I
Josephine Stone was seated in the library of the chateau up in the Cup of Nannabijou after the zenith of the storm had passed that night. Earlier in the evening she and Mrs. Johnson with some apprehension had watched the storm coming up, but it broke with much less violence there than it did down on the waterfront, the high cliffs of the Cup effectually diverting the fury of the tempest, whose roar they could hear in the upper air while the rain came down in torrents. Mrs. Johnson, who was invariably up before the sun, retired early, but Miss Stone did not feel that she could compose herself for sleep. Since childhood high winds had always made her restless and nervous.
She had been sitting in her room reading a book she had brought up from the library. An hour had passed, when, above the lash of the driving rain, she was certain she heard the rumble of voices outside; then the opening and closing of a door in the building adjacent where the wireless station was located. Some of the Indians who looked after the place slept there, but she was sure they could not be up and about unless something unusual had happened. They invariably went to their slumbers and were not seen or heard from after sundown.
Josephine Stone got up and going to the window cautiously lifted a corner of the drawn blind. A light shone in the wireless building, but she could see nothing of what was going on inside. The nervousness that was upon her precluded sleep and it was becoming too chilly to sit up in her room. She thought of going down to the library and building a wood fire in the huge fireplace. That would possibly cheer her up, she felt.
But when the fire was leaping high and crackling loudly she still felt the need of something to occupy her mind. There was an eerie, insistent personality to the library. Its high, small-paned French windows were heavily-curtained, and its furniture, of a substantial design several decades old, was upholstered in the same sombre brown tone that characterised the curtains and the great deep-piled rug that occupied the entire floor space. Curtained wall-shelves and ancient, glass-doored cases were crowded with leather-bound volumes of a heterogeneous variety as well as departmental government books in blue paper covers. There were several tiers of the classics, dog-eared and much thumb-worn, but the majority of the books were devoted to science, psychology, mineralogy and forestry. None of the books contained a name to designate to whom they belonged, though many of the older ones had fly-leaves torn from them that bespoke some one’s precaution against identification.
The girl, tiring of rummaging through the books, turned her attention to the square, black mahogany piano across one corner of the room, wondering vaguely what might be the history of this strange place, what story these walls might tell if they could speak. It was a quaint old instrument with a wonderfully mellow tone. Some cultured person must have at some time occupied this chateau, some one of a distinctly scientific turn, she reflected. Who were they and what had become of them? She shivered involuntarily. Was it fancy, or did she sense a silent, unseen presence in this room?
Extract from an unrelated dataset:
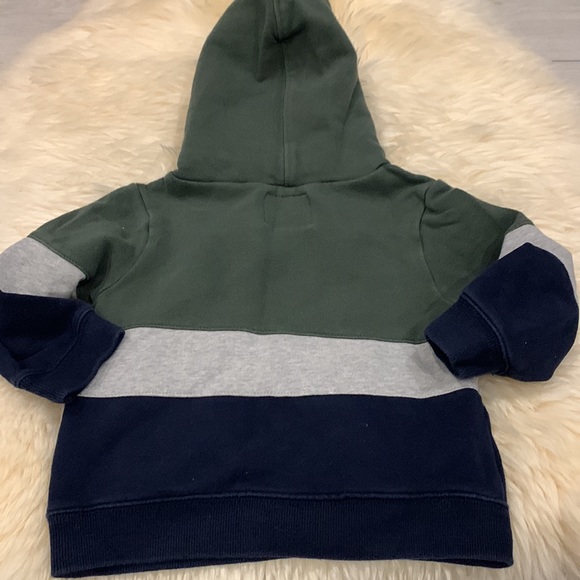 OshKosh B’Gosh Thick Fuzzy Hooded Hoodie in Army Green/Gray/Navy Blue 3T - Picture 5 of 5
She ran her lithe fingers over the keys and struck up a popular air from memory. The music seemed to dissipate her oppression and lift the heavy melancholy of her surroundings.
The girl played on and on, until wearying of memory selections, she thought to look over a sheaf of music on the back of the instrument. During the pause she was sure she heard a light tapping at the door off the hall to her left.
She listened, at first quite startled; but when the tapping was repeated, something human and deferential in the summons reassured her.